In particular, the micronization of aspirin and the cogrinding of the crystalline form of this drug with collagen lead to an innovative formulation that enhances drug absorption, thereby reducing gastric lesions associated with 7-day treatment with this drug. This confirms the previous evidence, in which we measured the serum concentration of aspirin both standard and micronized and cogrinded with collagen. These data are not surprising, as it is known that the micronization of crystalline drugs is clearly accompanied by an enhanced absorption of aspirin. In particular, evidence has been accumulated that micronization, which is able to reduce the size of crystalline aspirin, is associated with better drug absorption throughout both the gastric and sublingual mucosa. This has been confirmed by evidence obtained by means of Raman spectroscopy, which showed that the micronization of aspirin leads to a complete de-structuring of the crystalline form of the drug, an effect that has been demonstrated to increase the speed and rate of the absorption of many drugs, including aspirin. However, cogrinding aspirin with collagen leads to significant gastric protection. Indeed, collagen has been shown to produce both direct and indirect protection of the gastric mucosa, mostly due to its effect on gastric mucous. This effect occurs with no changes in gastric pH, compared to many of the compounds combined with aspirin in recent years, which are associated with an elevation of gastric pH. In particular, this effect is associated with a reduction in aspirin-related gastric injury, with the consequence, however, of poor aspirin absorption and subsequent reduced aspirin activity.

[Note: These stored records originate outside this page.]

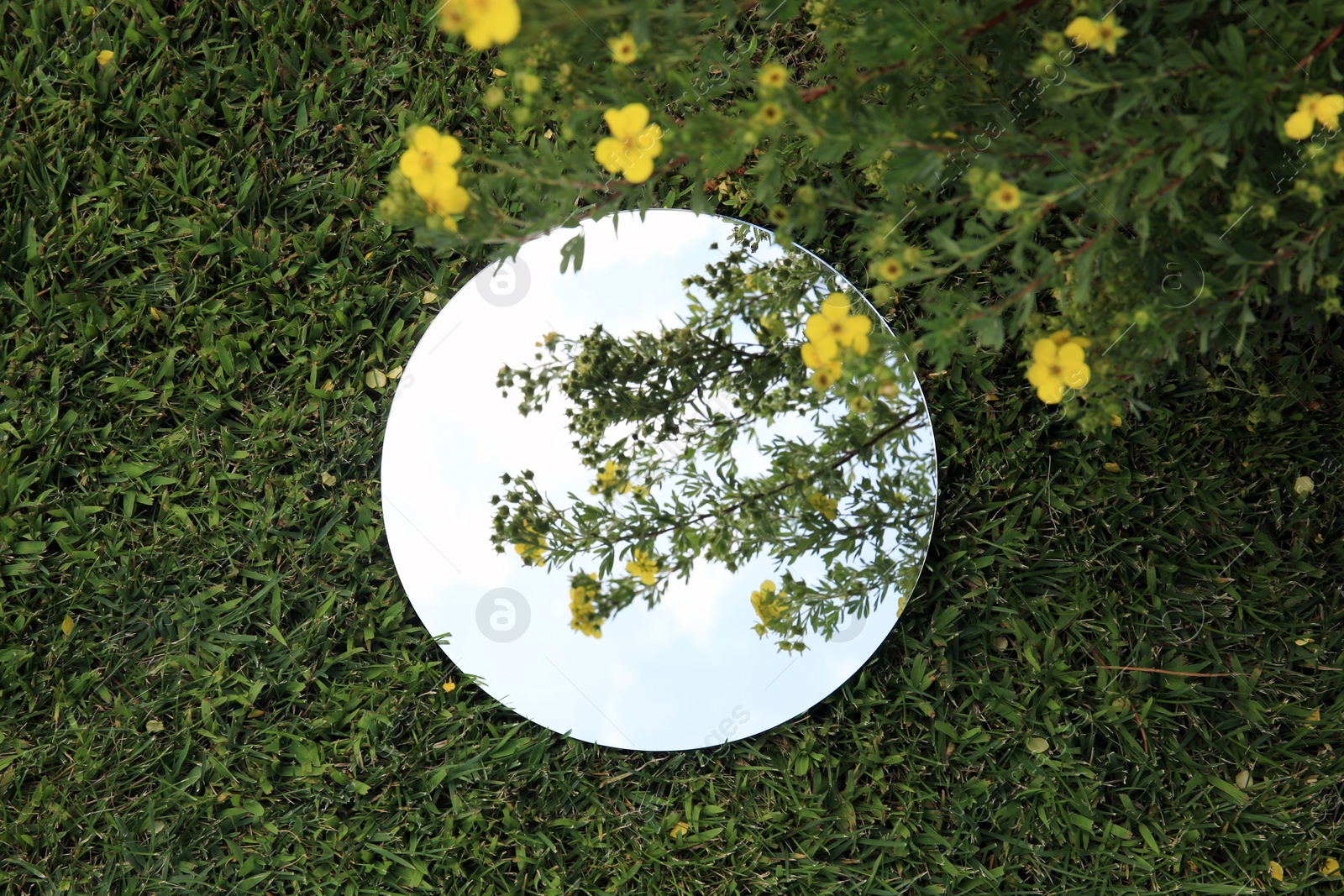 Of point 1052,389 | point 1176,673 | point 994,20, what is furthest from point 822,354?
point 1176,673

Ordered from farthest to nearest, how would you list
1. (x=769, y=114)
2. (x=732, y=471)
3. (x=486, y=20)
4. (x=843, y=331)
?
(x=732, y=471) < (x=843, y=331) < (x=769, y=114) < (x=486, y=20)

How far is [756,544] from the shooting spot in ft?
7.81

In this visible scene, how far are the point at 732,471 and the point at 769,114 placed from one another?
1.19m

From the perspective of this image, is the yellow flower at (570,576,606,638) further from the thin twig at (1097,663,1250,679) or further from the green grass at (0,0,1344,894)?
the thin twig at (1097,663,1250,679)

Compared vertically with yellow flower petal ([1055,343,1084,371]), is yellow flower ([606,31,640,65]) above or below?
above

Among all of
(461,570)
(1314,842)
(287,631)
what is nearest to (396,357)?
(461,570)

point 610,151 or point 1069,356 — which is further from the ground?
point 610,151

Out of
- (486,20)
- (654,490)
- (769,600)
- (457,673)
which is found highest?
(486,20)

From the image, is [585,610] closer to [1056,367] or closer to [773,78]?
[1056,367]

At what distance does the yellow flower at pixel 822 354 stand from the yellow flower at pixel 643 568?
0.97 m

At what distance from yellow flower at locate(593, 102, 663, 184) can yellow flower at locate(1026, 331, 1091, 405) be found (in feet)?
2.26

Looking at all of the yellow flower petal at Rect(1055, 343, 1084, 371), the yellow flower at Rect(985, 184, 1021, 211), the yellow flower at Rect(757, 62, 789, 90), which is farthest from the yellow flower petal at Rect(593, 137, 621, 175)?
the yellow flower petal at Rect(1055, 343, 1084, 371)

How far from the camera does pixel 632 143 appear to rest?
134cm

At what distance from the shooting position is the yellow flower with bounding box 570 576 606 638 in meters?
2.42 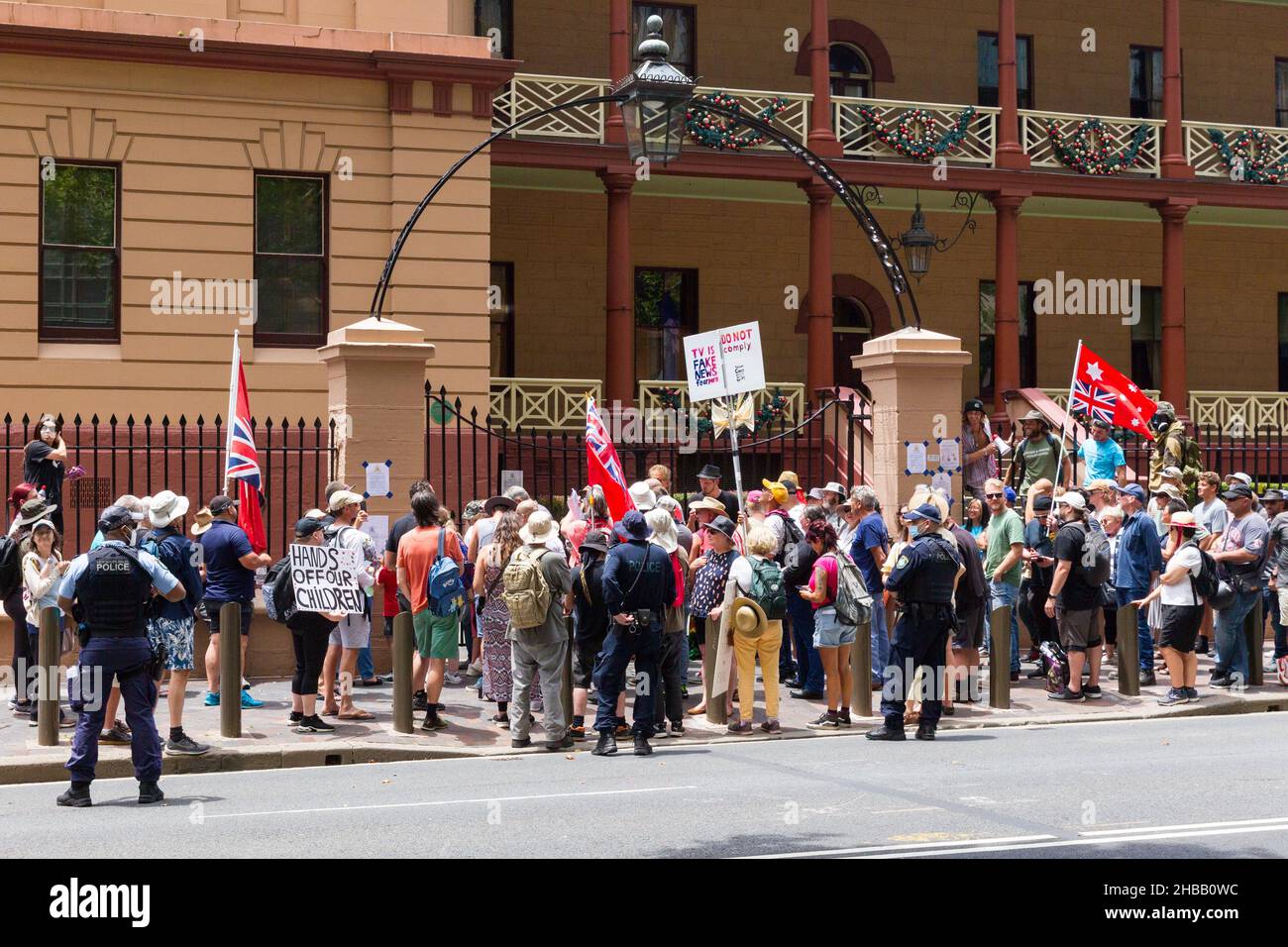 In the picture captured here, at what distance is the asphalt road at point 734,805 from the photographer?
821cm

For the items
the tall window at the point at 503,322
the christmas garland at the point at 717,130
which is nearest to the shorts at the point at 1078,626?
the christmas garland at the point at 717,130

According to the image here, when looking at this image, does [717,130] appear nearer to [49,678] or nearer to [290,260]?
[290,260]

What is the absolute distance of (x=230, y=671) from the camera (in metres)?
11.9

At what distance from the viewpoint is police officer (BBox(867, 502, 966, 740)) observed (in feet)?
39.4

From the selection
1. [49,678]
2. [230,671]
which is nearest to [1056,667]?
[230,671]

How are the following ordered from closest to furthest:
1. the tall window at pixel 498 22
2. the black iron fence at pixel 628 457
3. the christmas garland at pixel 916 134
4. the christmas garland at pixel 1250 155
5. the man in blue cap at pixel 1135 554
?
the man in blue cap at pixel 1135 554
the black iron fence at pixel 628 457
the christmas garland at pixel 916 134
the tall window at pixel 498 22
the christmas garland at pixel 1250 155

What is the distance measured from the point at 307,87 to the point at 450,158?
1.95 meters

The innovative formulation of aspirin micronized and cogrinded with collagen seems to resolve many of the previous issues found with standard aspirin. Indeed, the extent of gastric erosions subsequent to oral aspirin was reduced when aspirin was micronized and cogrinded with collagen as detected via gastroscopy and measured via the Lanza’s score [
30]. In particular, the use of the sublingual formulation of the micronized aspirin occurred with no changes in the gastric mucosa compared with standard aspirin. However, this effect was associated with comparable effects of novel aspirin formulation in the biomarkers of antiplatelet activity. Indeed, both the levels of TXB
2 (the footprint of aspirin activity on platelet COX) and the levels of 11-dehydro-TXB
2 (the urinary metabolite of TXA
2) were comparable when using both sublingual and oral aspirin micronized and cogrinded with collagen when compared to standard aspirin, suggesting a non-inferiority profile of the novel formulations in the efficacy of aspirin. The better safety profile of novel aspirin is confirmed by the data from histopathological studies, which showed that the diameter of the microvessels of the gastric mucosa is reduced in subjects undergoing 7-day treatment with novel aspirin compared to the standard one, an effect that may be explained on the basis of the anti-inflammatory role of collagen when combined with aspirin, as expected with the micronized formulation compared to the standard, crystalline drug.